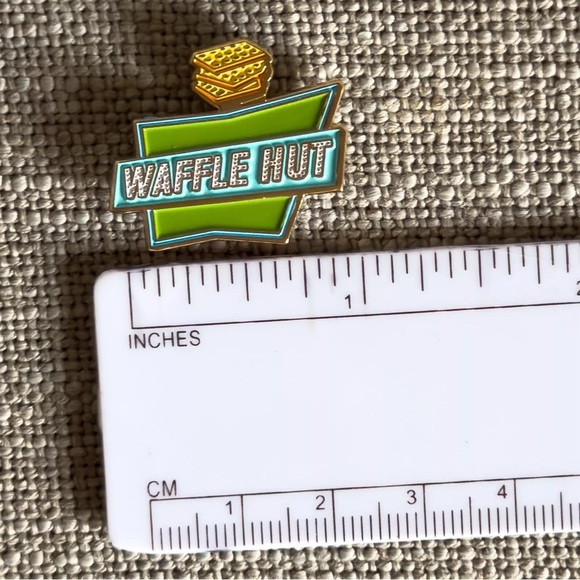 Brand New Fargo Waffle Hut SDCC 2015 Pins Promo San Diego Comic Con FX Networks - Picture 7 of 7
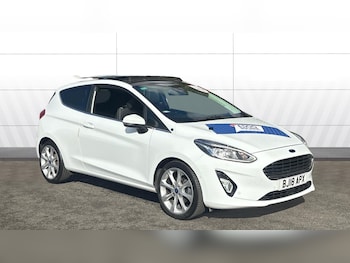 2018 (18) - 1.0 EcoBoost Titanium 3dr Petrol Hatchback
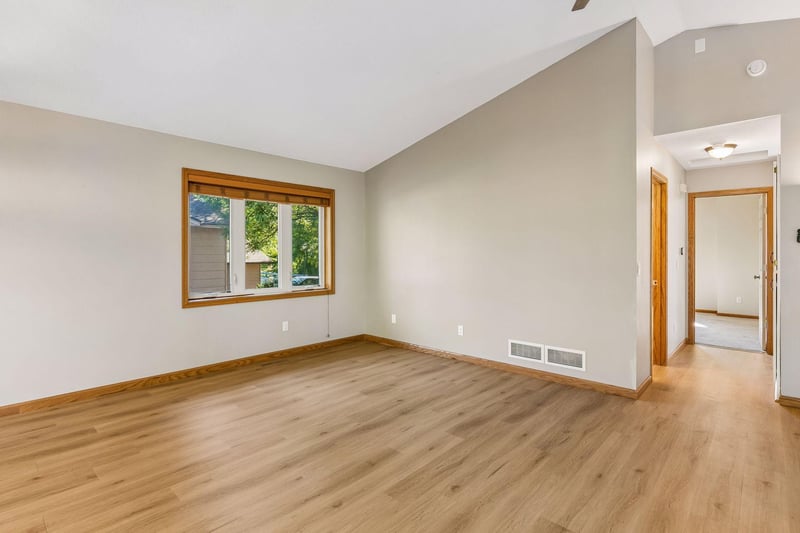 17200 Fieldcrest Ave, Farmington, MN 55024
--
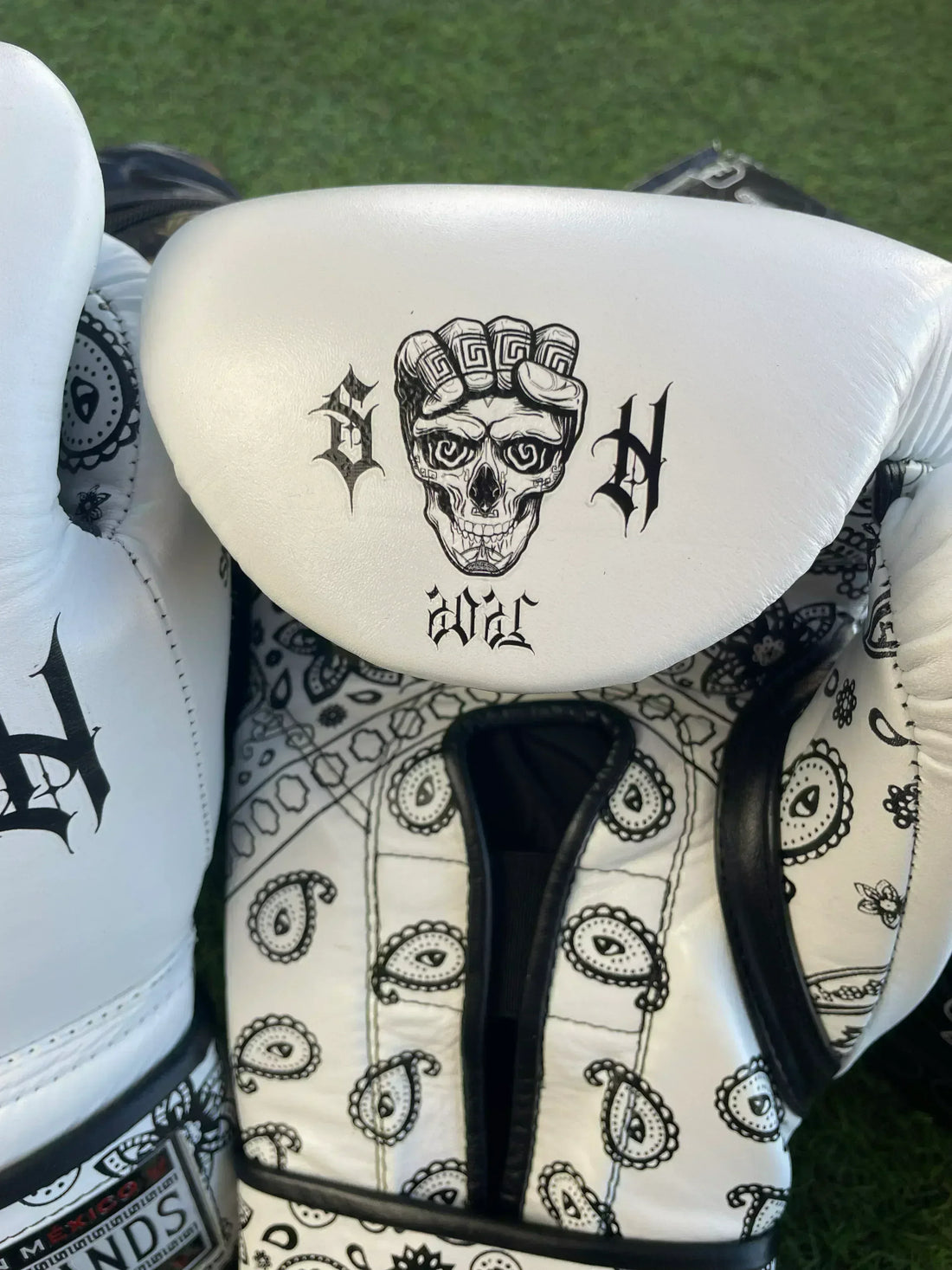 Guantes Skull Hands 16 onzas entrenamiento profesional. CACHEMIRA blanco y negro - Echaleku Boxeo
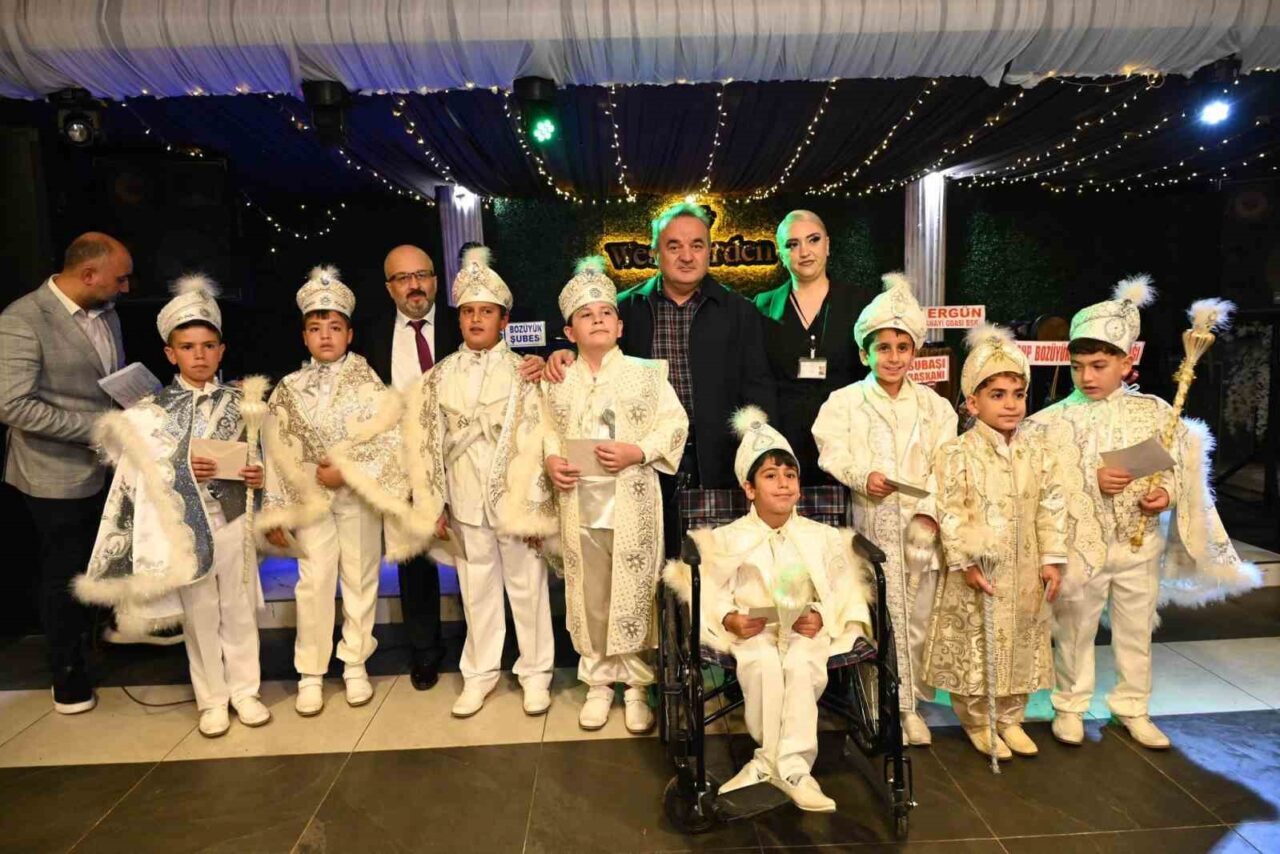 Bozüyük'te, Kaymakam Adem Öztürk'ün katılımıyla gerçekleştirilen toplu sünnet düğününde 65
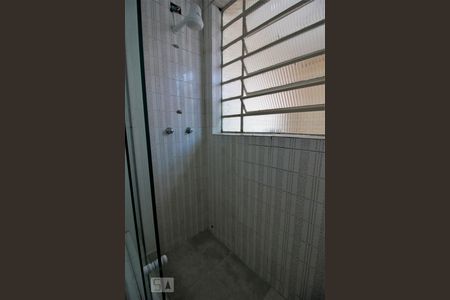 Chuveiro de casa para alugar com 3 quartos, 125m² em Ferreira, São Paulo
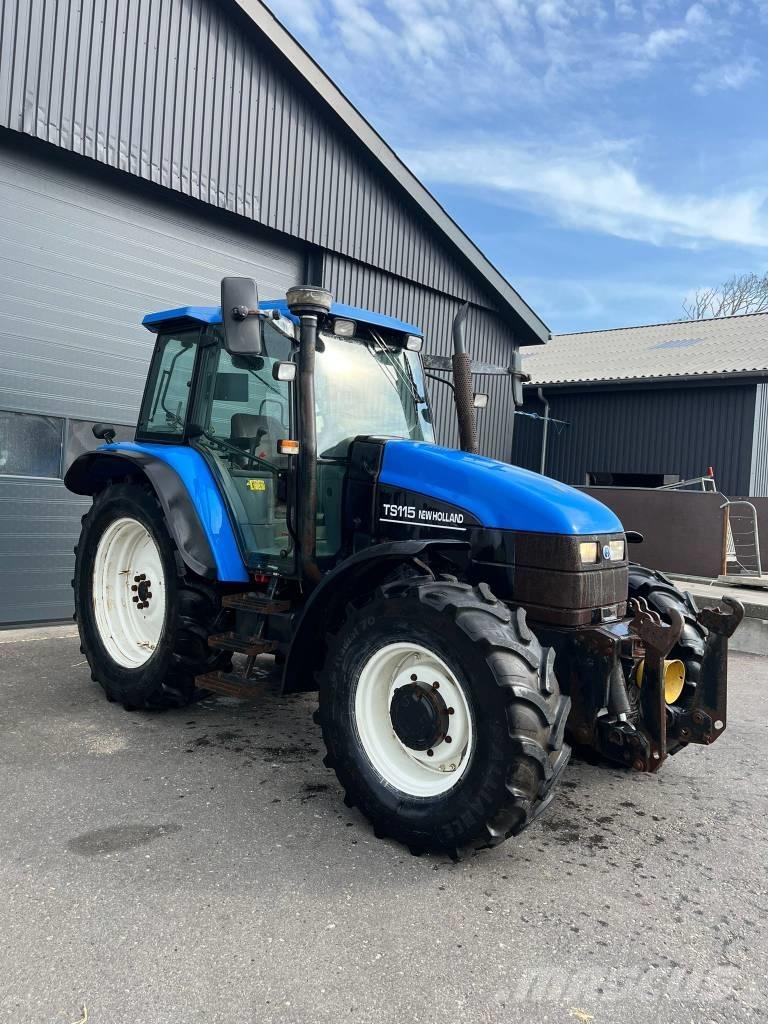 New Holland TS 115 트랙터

TASK STATEMENT: Copy out exactly the material that runs from the line with "Brand New Fargo" to the line with "17200 Fieldcrest Ave, Farmington, MN 55024", ends included, and leave the pictures behind.

RESPONSE TO THIS EXERCISE:
 Brand New Fargo Waffle Hut SDCC 2015 Pins Promo San Diego Comic Con FX Networks - Picture 7 of 7
 2018 (18) - 1.0 EcoBoost Titanium 3dr Petrol Hatchback
 17200 Fieldcrest Ave, Farmington, MN 55024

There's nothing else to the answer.